Indem wir sie nicht länger instrumentalisieren. Ein Kind hat Rechte, egal, wer es verletzt – ob israelische, palästinensische oder andere Akteure. Es darf keinen Unterschied machen. Wir kennen in Deutschland die Namen und Gesichter der israelischen Kinder, die am 7. Oktober getötet wurden. Von den inzwischen über 20 000 getöteten Kindern in Gaza kennt man kaum einen Namen – vielleicht Hind Rajab, weil es dazu einen Film gibt. Aber jedes dieser Kinder verdient die gleiche Aufmerksamkeit und Anteilnahme.

Sie selbst wurden in diesem Kontext auch bereits scharf angegriffen, so in der »Bild« und der »Jüdischen Allgemeinen«. Wie sind Sie damit umgegangen?
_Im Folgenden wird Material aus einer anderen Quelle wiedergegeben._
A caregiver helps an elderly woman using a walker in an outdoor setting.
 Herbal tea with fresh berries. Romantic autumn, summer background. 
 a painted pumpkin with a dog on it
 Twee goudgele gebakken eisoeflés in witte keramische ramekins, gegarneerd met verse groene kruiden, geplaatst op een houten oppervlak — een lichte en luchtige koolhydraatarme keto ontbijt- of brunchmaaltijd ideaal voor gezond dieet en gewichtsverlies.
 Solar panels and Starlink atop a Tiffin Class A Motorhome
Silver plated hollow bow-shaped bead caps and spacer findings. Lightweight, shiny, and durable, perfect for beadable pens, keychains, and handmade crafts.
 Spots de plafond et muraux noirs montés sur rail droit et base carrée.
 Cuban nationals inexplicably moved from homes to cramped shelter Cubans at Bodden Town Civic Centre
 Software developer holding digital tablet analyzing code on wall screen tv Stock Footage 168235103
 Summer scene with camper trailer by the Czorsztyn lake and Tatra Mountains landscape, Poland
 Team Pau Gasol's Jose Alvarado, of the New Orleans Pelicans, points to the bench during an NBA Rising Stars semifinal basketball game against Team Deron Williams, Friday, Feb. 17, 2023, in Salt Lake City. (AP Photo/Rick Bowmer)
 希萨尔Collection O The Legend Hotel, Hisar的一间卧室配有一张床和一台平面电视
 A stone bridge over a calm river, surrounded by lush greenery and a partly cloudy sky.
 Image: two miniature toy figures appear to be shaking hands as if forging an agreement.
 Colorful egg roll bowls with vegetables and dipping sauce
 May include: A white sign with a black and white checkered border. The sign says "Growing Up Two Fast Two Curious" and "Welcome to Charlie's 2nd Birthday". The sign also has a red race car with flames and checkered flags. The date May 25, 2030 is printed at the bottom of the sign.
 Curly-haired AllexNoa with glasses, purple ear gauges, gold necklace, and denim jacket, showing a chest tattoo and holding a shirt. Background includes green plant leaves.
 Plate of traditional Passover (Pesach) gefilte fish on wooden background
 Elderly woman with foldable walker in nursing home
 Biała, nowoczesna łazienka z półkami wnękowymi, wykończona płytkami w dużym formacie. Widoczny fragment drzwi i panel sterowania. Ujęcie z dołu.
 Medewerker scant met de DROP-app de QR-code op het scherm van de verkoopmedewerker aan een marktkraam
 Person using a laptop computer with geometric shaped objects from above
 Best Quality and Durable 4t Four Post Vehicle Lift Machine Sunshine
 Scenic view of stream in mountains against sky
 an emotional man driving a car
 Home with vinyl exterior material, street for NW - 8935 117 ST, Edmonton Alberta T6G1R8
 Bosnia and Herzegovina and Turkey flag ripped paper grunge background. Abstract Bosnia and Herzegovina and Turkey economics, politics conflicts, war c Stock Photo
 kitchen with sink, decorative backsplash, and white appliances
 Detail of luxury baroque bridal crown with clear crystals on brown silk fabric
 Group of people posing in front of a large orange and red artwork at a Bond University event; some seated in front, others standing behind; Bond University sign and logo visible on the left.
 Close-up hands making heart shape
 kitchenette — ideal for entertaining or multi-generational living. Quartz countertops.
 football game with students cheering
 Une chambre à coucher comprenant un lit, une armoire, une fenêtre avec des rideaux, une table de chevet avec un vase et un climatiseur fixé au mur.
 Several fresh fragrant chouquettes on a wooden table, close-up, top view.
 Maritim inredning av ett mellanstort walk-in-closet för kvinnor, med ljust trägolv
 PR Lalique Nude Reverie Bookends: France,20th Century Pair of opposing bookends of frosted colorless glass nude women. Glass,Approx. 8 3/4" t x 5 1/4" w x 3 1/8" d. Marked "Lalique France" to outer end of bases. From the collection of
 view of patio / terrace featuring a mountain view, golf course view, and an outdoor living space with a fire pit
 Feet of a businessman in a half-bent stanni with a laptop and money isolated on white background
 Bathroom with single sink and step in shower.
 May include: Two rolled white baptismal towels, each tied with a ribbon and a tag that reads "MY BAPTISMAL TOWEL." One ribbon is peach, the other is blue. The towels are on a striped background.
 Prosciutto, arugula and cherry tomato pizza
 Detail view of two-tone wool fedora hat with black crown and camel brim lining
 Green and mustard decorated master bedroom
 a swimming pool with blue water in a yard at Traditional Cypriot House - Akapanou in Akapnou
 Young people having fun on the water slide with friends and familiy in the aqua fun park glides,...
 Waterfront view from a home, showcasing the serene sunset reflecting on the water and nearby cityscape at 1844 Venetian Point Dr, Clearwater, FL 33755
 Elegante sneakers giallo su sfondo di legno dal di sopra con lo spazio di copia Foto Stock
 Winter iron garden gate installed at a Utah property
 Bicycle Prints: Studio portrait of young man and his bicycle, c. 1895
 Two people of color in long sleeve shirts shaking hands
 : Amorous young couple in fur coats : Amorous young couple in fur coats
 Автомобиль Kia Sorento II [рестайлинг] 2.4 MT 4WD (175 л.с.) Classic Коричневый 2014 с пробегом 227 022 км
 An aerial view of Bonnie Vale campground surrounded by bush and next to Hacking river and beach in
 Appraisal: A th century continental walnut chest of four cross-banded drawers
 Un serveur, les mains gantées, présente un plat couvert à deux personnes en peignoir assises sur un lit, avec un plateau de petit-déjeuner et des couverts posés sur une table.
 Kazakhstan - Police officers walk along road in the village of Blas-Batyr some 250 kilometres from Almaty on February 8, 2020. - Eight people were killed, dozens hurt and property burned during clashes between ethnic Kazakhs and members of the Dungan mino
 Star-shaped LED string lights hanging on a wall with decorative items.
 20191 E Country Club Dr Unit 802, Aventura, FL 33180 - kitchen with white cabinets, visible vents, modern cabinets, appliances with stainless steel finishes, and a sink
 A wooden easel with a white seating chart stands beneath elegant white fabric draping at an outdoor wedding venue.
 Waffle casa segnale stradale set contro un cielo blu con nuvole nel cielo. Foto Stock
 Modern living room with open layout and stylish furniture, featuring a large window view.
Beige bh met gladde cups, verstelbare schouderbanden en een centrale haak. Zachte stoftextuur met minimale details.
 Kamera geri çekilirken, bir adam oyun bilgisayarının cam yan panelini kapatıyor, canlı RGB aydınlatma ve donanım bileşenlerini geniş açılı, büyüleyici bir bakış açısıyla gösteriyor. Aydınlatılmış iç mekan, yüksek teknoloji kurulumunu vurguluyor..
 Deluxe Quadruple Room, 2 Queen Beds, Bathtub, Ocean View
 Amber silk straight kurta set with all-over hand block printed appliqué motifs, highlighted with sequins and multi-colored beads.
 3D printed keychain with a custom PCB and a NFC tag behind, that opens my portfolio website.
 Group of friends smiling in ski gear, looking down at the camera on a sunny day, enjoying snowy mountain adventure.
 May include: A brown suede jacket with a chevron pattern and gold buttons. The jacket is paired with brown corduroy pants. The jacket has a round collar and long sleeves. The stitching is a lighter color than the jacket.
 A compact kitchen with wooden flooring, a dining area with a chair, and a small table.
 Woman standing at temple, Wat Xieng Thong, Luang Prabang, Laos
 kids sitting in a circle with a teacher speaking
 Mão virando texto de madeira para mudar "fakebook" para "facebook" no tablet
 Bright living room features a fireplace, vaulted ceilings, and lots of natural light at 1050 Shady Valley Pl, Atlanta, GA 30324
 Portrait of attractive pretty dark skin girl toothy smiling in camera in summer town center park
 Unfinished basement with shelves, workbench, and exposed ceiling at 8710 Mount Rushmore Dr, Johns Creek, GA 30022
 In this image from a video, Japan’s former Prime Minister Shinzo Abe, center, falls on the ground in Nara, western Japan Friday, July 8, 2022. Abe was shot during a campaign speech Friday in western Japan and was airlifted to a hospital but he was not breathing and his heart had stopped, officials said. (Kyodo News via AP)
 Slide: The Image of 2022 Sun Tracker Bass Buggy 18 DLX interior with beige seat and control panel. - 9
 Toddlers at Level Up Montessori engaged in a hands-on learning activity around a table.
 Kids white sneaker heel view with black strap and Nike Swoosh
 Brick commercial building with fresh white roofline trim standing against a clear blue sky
Natürlich war das belastend. Besonders, weil nicht nur Medien, sondern auch Kolleg*innen diese Vorwürfe aufgegriffen haben. Manche warfen mir Antisemitismus vor, ohne überhaupt auf meine Argumente einzugehen. Oft ging es eher um ihre eigene Gefühlswelt als um das, was ich geschrieben hatte. Das wurde mir erst im Nachhinein richtig bewusst. Inzwischen haben sich manche wieder freundlich gezeigt oder gar nicht mehr über das Thema gesprochen. Entschuldigt hat sich niemand. Aber: Man lernt, damit umzugehen. Neue Solidaritäten entstehen. Da ich Kinder erforsche, thematisiert meine Kritik nun einmal primär die Tötung von Kindern durch Israel. Dass viele darauf eine Verbindung zu antisemitischen Narrativen projizieren, liegt weder in meiner Verantwortung noch Intention. Für mich bleibt entscheidend: Wissenschaft muss auch das aussprechen dürfen, was unbequem ist.